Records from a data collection
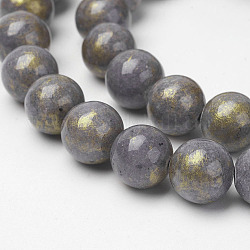 Chapelets de perles en jade Mashan naturel, teinte, ronde, grises , 4mm, Trou: 1mm, Environ 90 pcs/chapelet, 16 pouce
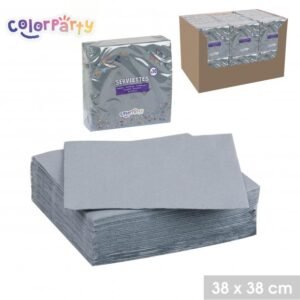 Color Party pilkos servetėlės 38 × 38 cm, vienkartinės popierinės servetėlės stalui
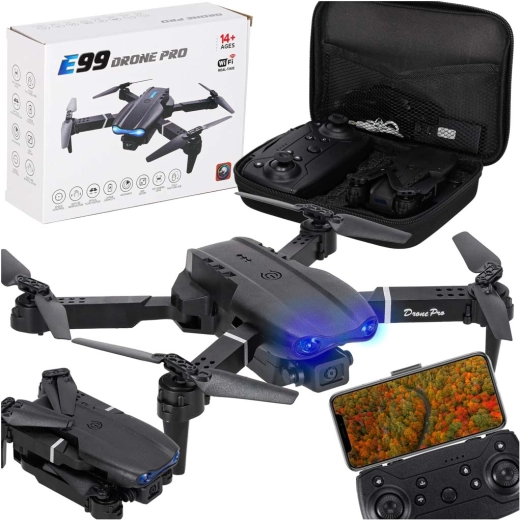 Sammenklappelig RC-drone E99 Pro med dobbeltkamera 720p og headless-tilstand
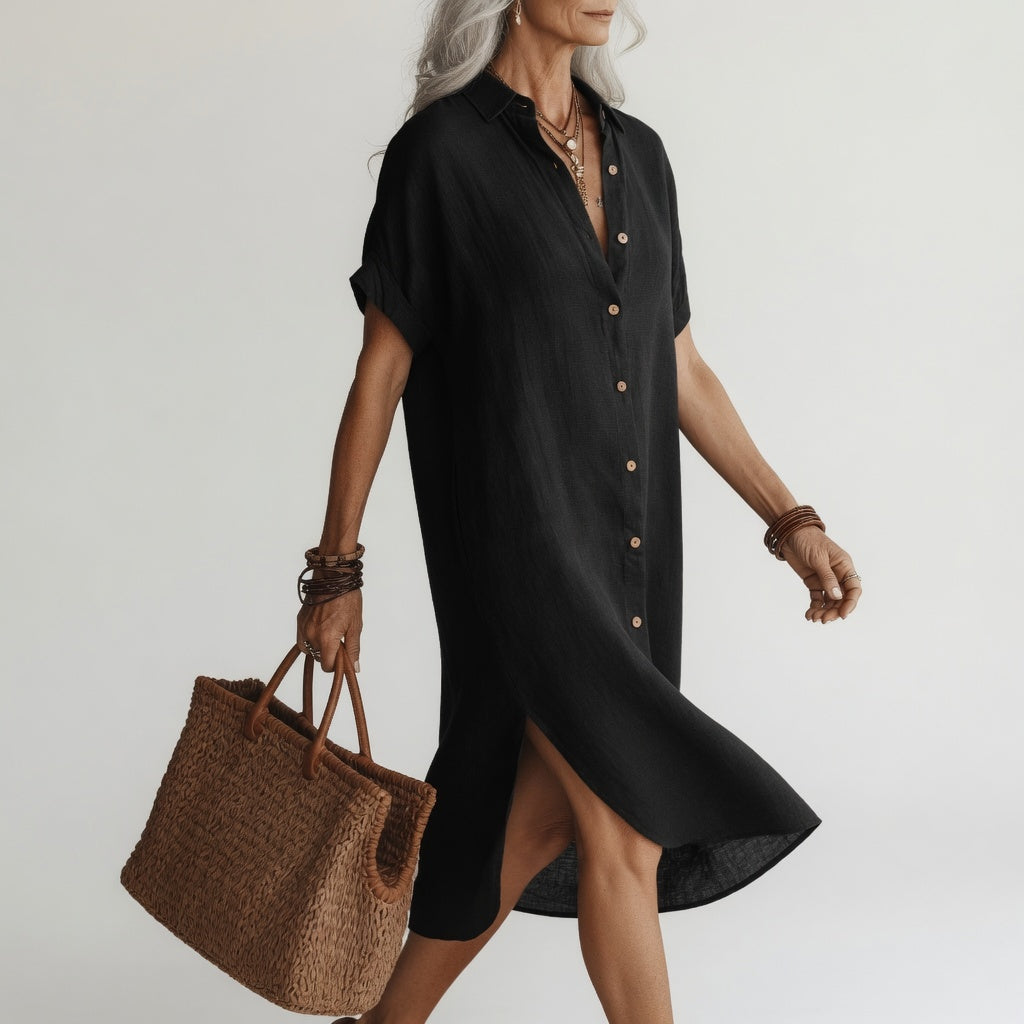 Évanélie™ — Vestido camisero midi premium transpirable aire parisino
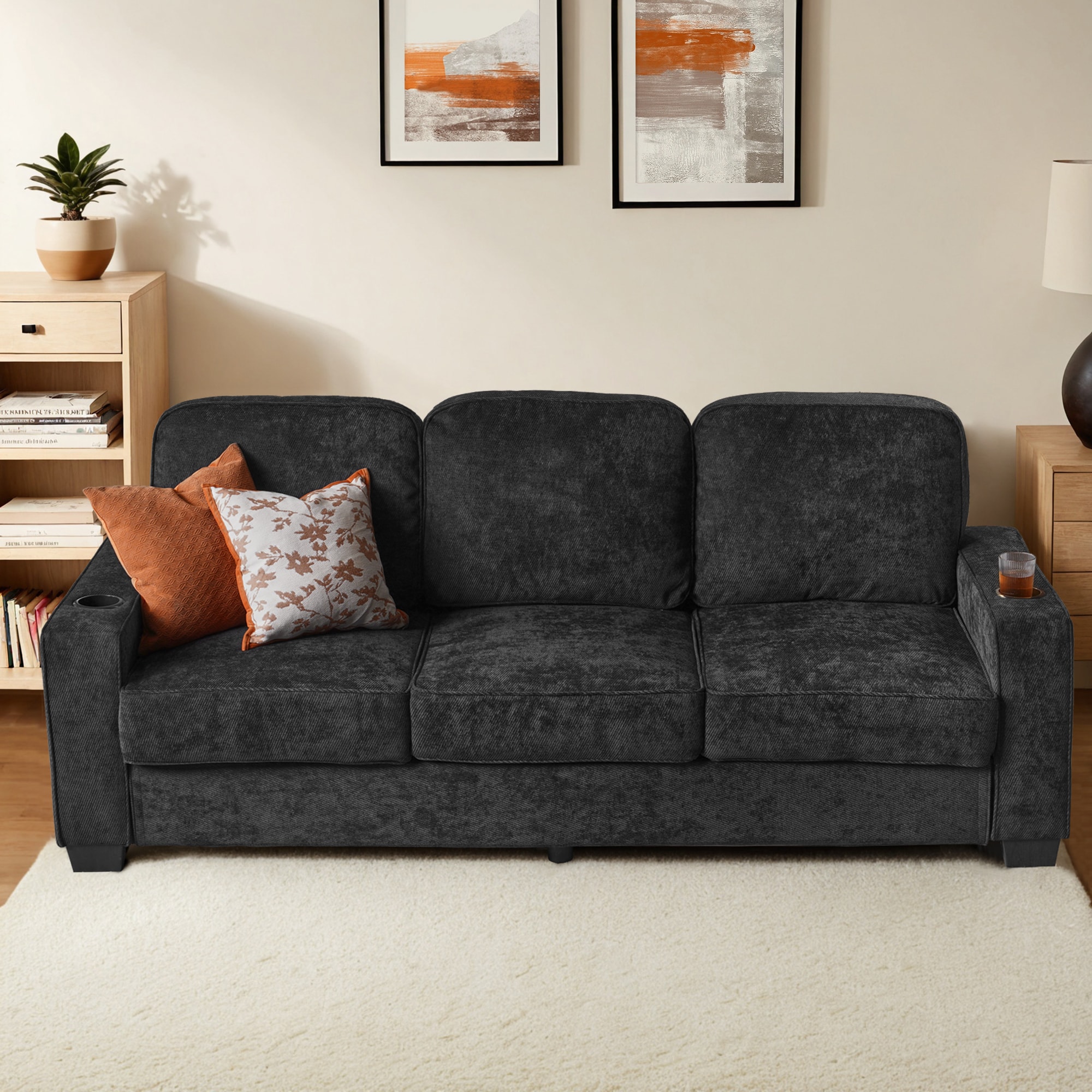 Pouuin SNNA400 84.6-in Modern Black Sofa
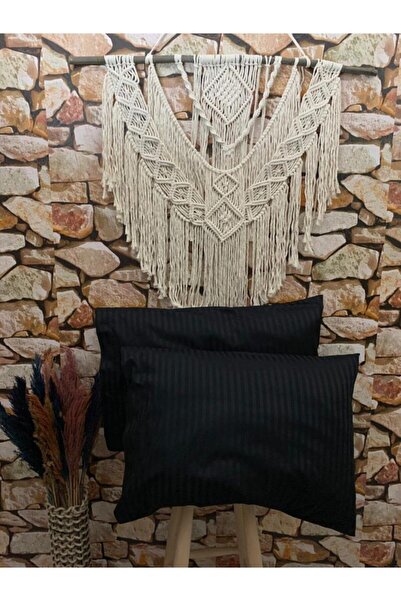 EVYA Față de pernă Black Luxury Hotel Series 2 piese 50x70cm piele din satin de bumbac texturizat din mătase în dungi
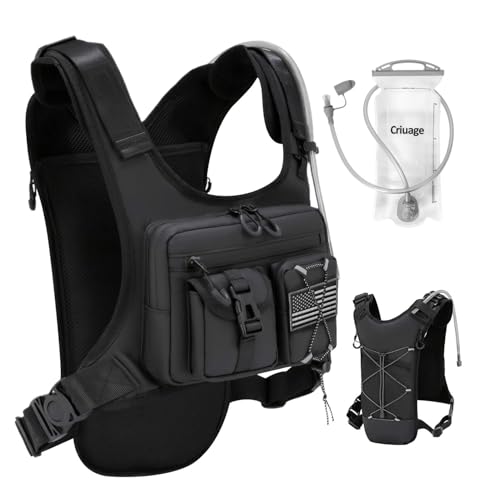 USA Patent Running Hydration Vest Backpack, Lightweight Chest Pack with 2.0L Water Bladder Bag Daypack for Hiking Running Cycling Race Marathon for Women Men - color: Black
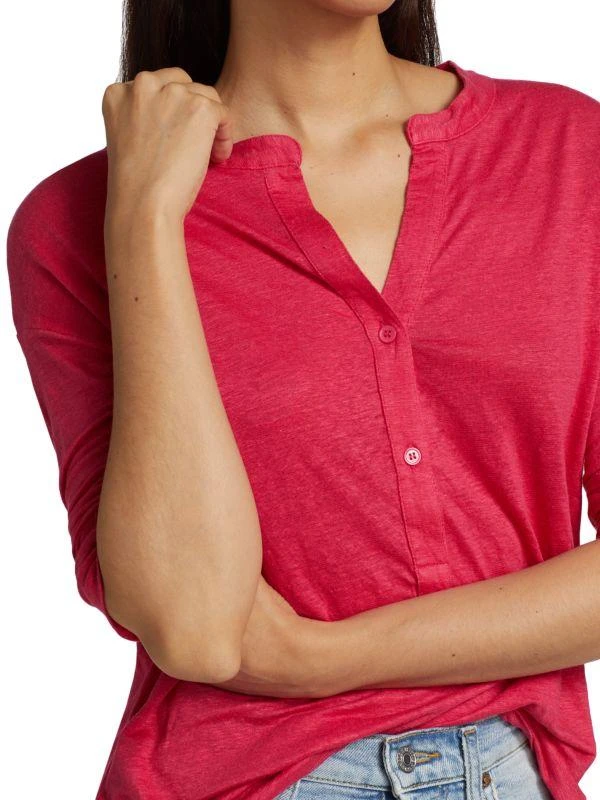 MAJESTIC FILATURES Linen Henley Shirt 4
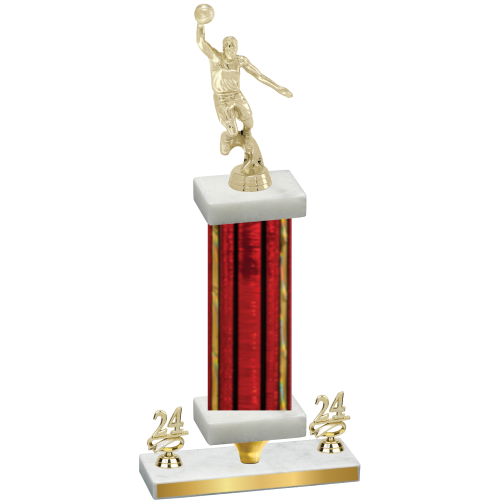 Premium Single Red Glacier Year Basketball Trophy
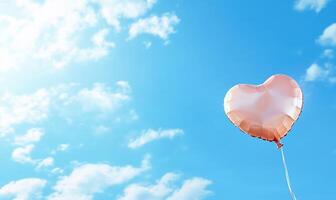A heart shaped balloon is floating in the sky photo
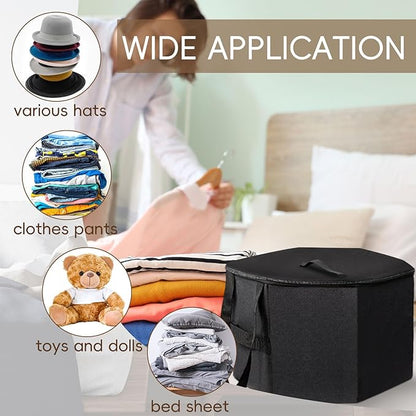 Extra Large Hard Shell Hat Travel Case for Women & Men - Portable Cowboy Hat Box Organizer with Handle Fits up to 9 Hats (17x11 Inch)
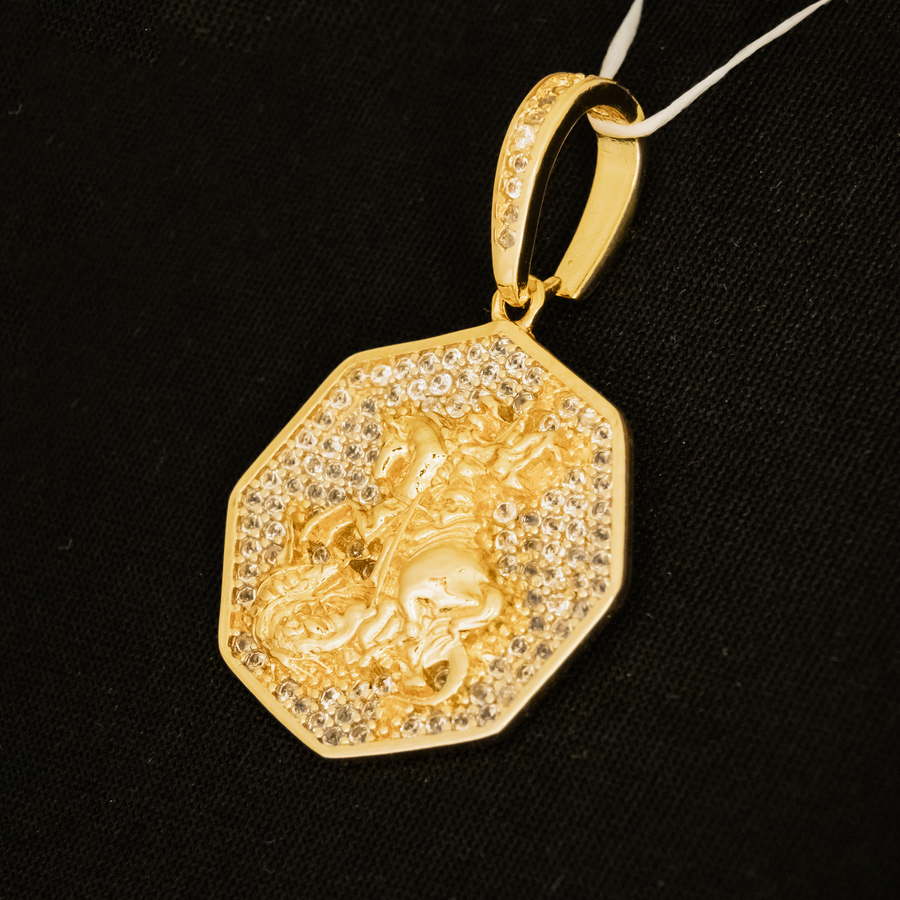 Pingente São Jorge Medalha (Banhado a Ouro 18K)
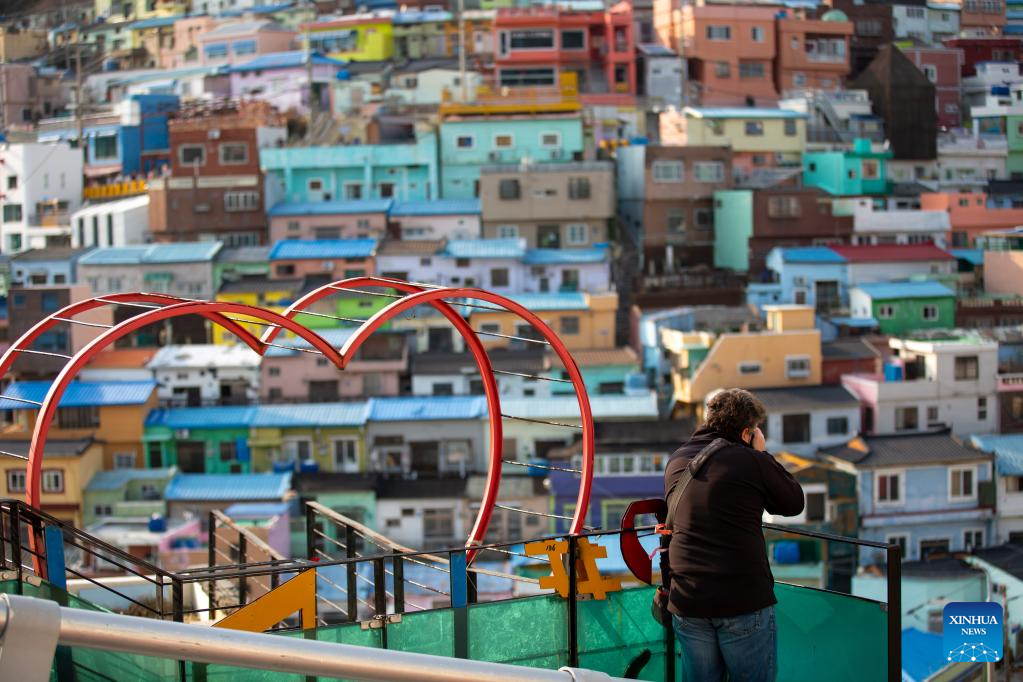 Tourists visit Gamcheon Culture Village in Busan, South Korea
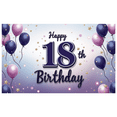 thumbnail image 5 of Yatrandify Purple Balloons Happy Birthday Banner Decorative Design Milestone Celebration Birthday Backdrop for Birthday Party Celebration Indoor Decoration Event, 5 of 8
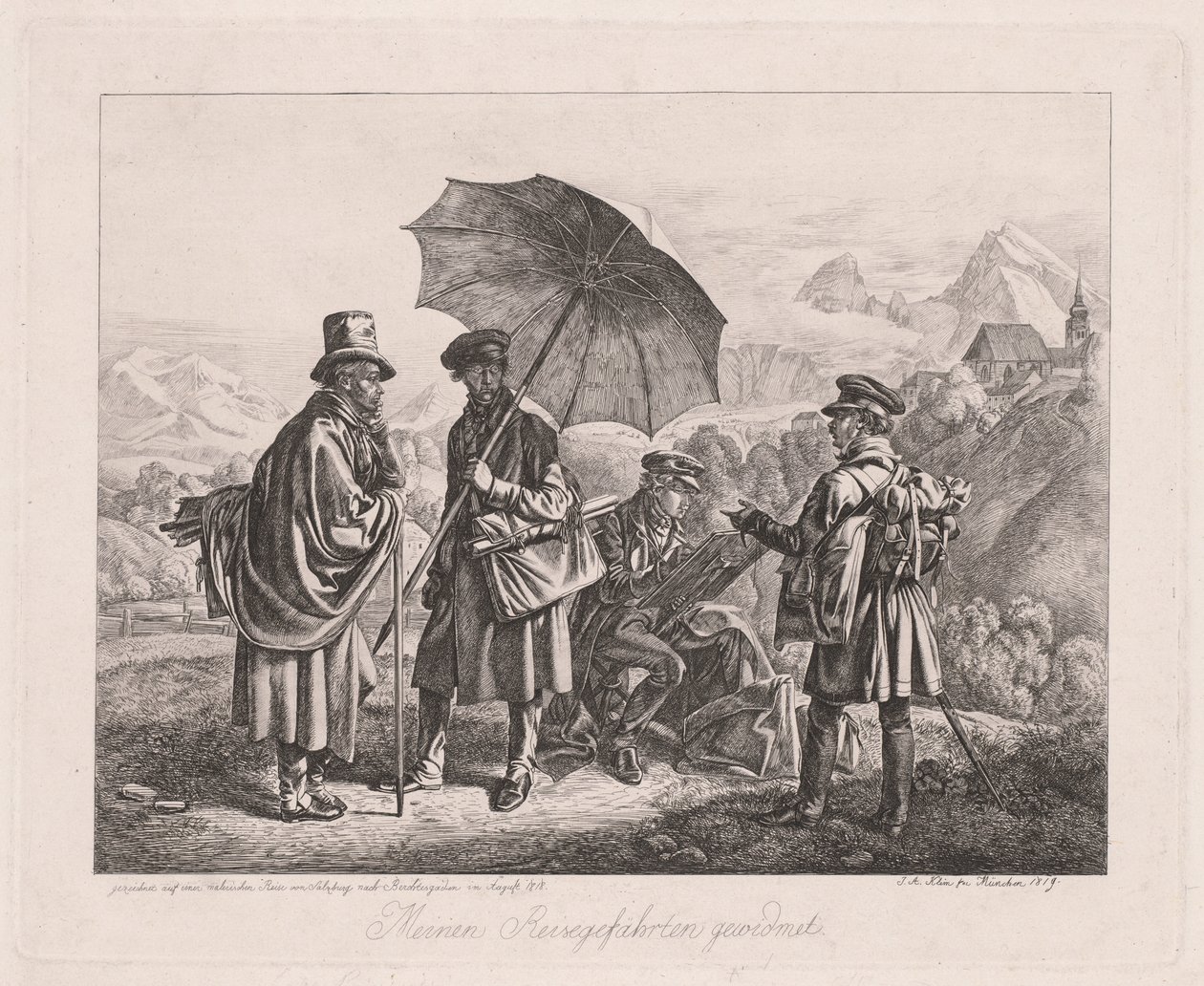 Kunstnerne på deres reise, 1819. av Johann Adam Klein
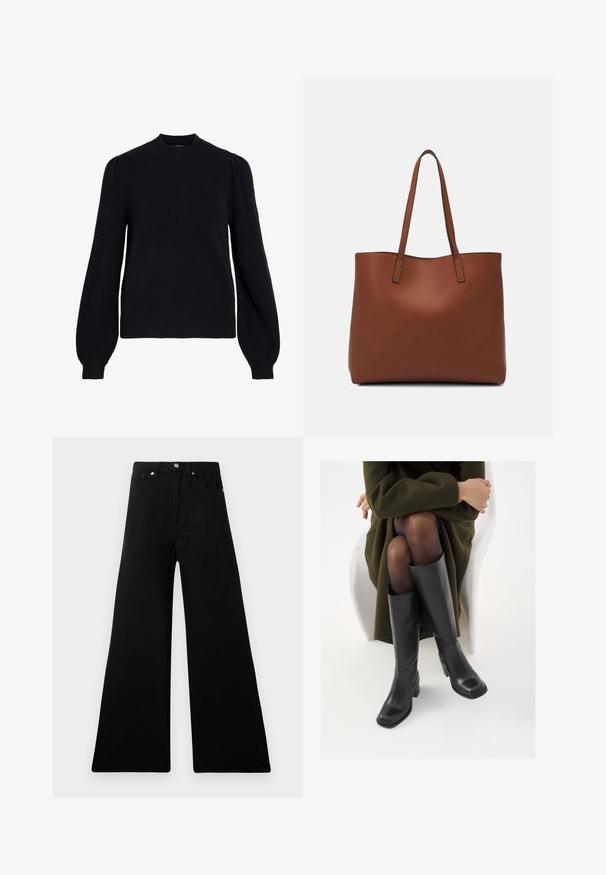 Camisola preta de malha com decote redondo, mangas compridas bufantes e punhos e bainha em malha canelada. Textura macia com design minimalista.; Calças de ganga pretas de perna larga com cintura alta, cinco bolsos, fecho frontal de botão e textura suave e macia.; Botas de couro pretas até ao joelho com biqueira quadrada e salto em bloco, apresentadas com um modelo sentado num casaco verde-azeitona. Textura lisa, com detalhes mínimos.; Bolsa tote de couro castanho com uma textura suave, design de abertura superior e duas alças para o ombro. Apresenta costura mínima e sem hardware visível.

What the exercise asks: Only the pictures may be dropped; print every record exactly as given.

Solution to the problem:
 Chapelets de perles en jade Mashan naturel, teinte, ronde, grises , 4mm, Trou: 1mm, Environ 90 pcs/chapelet, 16 pouce
 Color Party pilkos servetėlės 38 × 38 cm, vienkartinės popierinės servetėlės stalui
 Sammenklappelig RC-drone E99 Pro med dobbeltkamera 720p og headless-tilstand
 Évanélie™ — Vestido camisero midi premium transpirable aire parisino
 Pouuin SNNA400 84.6-in Modern Black Sofa
 EVYA Față de pernă Black Luxury Hotel Series 2 piese 50x70cm piele din satin de bumbac texturizat din mătase în dungi
 USA Patent Running Hydration Vest Backpack, Lightweight Chest Pack with 2.0L Water Bladder Bag Daypack for Hiking Running Cycling Race Marathon for Women Men - color: Black
 MAJESTIC FILATURES Linen Henley Shirt 4
 Premium Single Red Glacier Year Basketball Trophy
A heart shaped balloon is floating in the sky photo
 Extra Large Hard Shell Hat Travel Case for Women & Men - Portable Cowboy Hat Box Organizer with Handle Fits up to 9 Hats (17x11 Inch)
 Pingente São Jorge Medalha (Banhado a Ouro 18K)
 Tourists visit Gamcheon Culture Village in Busan, South Korea
 thumbnail image 5 of Yatrandify Purple Balloons Happy Birthday Banner Decorative Design Milestone Celebration Birthday Backdrop for Birthday Party Celebration Indoor Decoration Event, 5 of 8
 Kunstnerne på deres reise, 1819. av Johann Adam Klein
 Camisola preta de malha com decote redondo, mangas compridas bufantes e punhos e bainha em malha canelada. Textura macia com design minimalista.; Calças de ganga pretas de perna larga com cintura alta, cinco bolsos, fecho frontal de botão e textura suave e macia.; Botas de couro pretas até ao joelho com biqueira quadrada e salto em bloco, apresentadas com um modelo sentado num casaco verde-azeitona. Textura lisa, com detalhes mínimos.; Bolsa tote de couro castanho com uma textura suave, design de abertura superior e duas alças para o ombro. Apresenta costura mínima e sem hardware visível.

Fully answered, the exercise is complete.